Our ways of approach are wrong due to the ignorance of the nature of things. Due to this ensnarement in desires and the objects of the world, we run hither and thither like water which runs in different directions when it falls off a cliff. Our energies are psychologically dissipated due to the squandering of our strength. Even though all people innately possess this energy, it is wasted through this process of desire fulfilment. When there is this wasting of bodily and psychic energy due to unnecessary activity, restlessness and anxiety of various kinds, we become lost to our own selves. We feel a sense of weakness, not only in the body, but also in the mind.

Weaknesses That Hinder Us

When such a weakness creeps into our system, we cannot concentrate our minds on anything. We feel dazed, we feel sleepy. Even if we sit in a lecture hall and listen to a discourse, we feel sleepy because our minds cannot concentrate. We neither hear anything that has been said, nor can we understand what has been said, because the mind builds castles in the air, runs hither and thither, or gets torpid and sleepy. These are signs of weakness. Oversleeping is also a kind of weakness of the body. We constantly feel tired and feel like to go to bed. “Oh, let me lie down.” We always feel like lying down. The feeling that we are always tired shows that we have no strength within, and that the strength has gone away due to maladjustment of the energy of the body.

Too much emotion, too much longing which cannot easily be materialised, too much anxiety, and an excess of any kind of emotion—all these drain our energy. We may have taken a very sumptuous and nourishing meal, but upon receiving shocking news our nerves may be agitated, and immediately we feel as weak as if we were going to die. The diet we have taken is no support for us at that time.

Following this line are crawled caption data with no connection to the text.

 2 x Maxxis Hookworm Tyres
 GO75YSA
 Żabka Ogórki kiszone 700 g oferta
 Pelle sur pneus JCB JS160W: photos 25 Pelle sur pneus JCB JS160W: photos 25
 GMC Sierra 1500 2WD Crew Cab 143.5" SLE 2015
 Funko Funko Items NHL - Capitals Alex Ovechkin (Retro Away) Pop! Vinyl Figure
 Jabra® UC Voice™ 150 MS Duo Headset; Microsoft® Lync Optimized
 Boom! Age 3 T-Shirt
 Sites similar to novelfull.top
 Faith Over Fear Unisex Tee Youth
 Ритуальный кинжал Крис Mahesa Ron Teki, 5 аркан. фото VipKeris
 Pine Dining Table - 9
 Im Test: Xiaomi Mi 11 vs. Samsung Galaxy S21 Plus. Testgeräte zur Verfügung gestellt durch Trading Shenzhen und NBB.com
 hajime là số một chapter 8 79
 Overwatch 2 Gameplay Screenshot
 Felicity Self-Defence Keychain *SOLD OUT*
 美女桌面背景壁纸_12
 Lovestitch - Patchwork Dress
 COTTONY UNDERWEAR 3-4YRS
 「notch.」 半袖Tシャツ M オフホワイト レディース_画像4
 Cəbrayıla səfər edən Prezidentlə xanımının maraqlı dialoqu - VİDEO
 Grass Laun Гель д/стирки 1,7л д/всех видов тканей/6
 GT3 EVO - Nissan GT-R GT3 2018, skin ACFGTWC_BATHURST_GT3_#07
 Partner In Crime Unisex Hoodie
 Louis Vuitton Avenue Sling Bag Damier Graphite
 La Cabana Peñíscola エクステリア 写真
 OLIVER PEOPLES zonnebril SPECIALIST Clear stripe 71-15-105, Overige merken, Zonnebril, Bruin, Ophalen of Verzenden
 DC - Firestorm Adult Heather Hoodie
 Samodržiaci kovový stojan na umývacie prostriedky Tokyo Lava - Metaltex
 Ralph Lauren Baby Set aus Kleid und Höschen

Shocking news which affects the nerves creates such a psychic disturbance that the meal we have taken is of no use. It looks as if we had eaten nothing for months, and we will feel like sinking into the earth. Such is the power of emotion.

It is useless for a student of yoga to think that he can have strength merely by eating well. There are people who eat well in this world but who are not happy, and they may be very weak and rigid. We should not imitate these people. Those who wear nice clothes, live in spacious houses and eat well are not necessarily happy people, and these are not going to be our examples. The path of yoga is a different way of approach altogether, where we try to understand ourselves in relation to nature. Our relation to nature is such that we cannot take liberties with nature. We should not take too many liberties with nature or even with our own body. “Oh, I cannot digest well.” Well, if this is so, then one should not eat so much that one falls sick afterwards. Nature has a principle of its own, and while it tolerates errors to some extent, it cannot tolerate them for a long time. God and nature work in the same way. Their mills grind slowly, as it were, but very finely, and we should understand this as citizens of the universe.

The energy that a student of yoga is called upon to retain in his or her system is the predisposition to concentration of mind. All of yoga is concentration of mind, we must remember. Whatever be the type of yoga we may be performing, concentration of mind is necessary. It may be a practice of asanas, it may be pranayama, it may be hatha yoga or anything else, but if the mind is not there, it is not going to help us. Even in a simple posture like the savasana (corpse pose), at which we may laugh when it is being called an asana—it is the most difficult asana to perform, because due to agitation we may not be able to properly perform savasana, even though we may be able to stand on our heads.

Concentration of mind properly done relaxes the mind, but to be relaxed is a most difficult thing. Concentration is the same as relaxation; however, it is not an exercise of the will. Many students of yoga think that concentration is a tremendous effort of will, where we have to put pressure on our nerves, as if we were walking on the edge of a sword. It is not so. Concentration of mind is at the same time ease of the mind. At any level of the practice of yoga, even in the first rudimentary level, what we are called upon to achieve is ease in the system and not concentration in the sense of undue pressure exerted on any part of the system.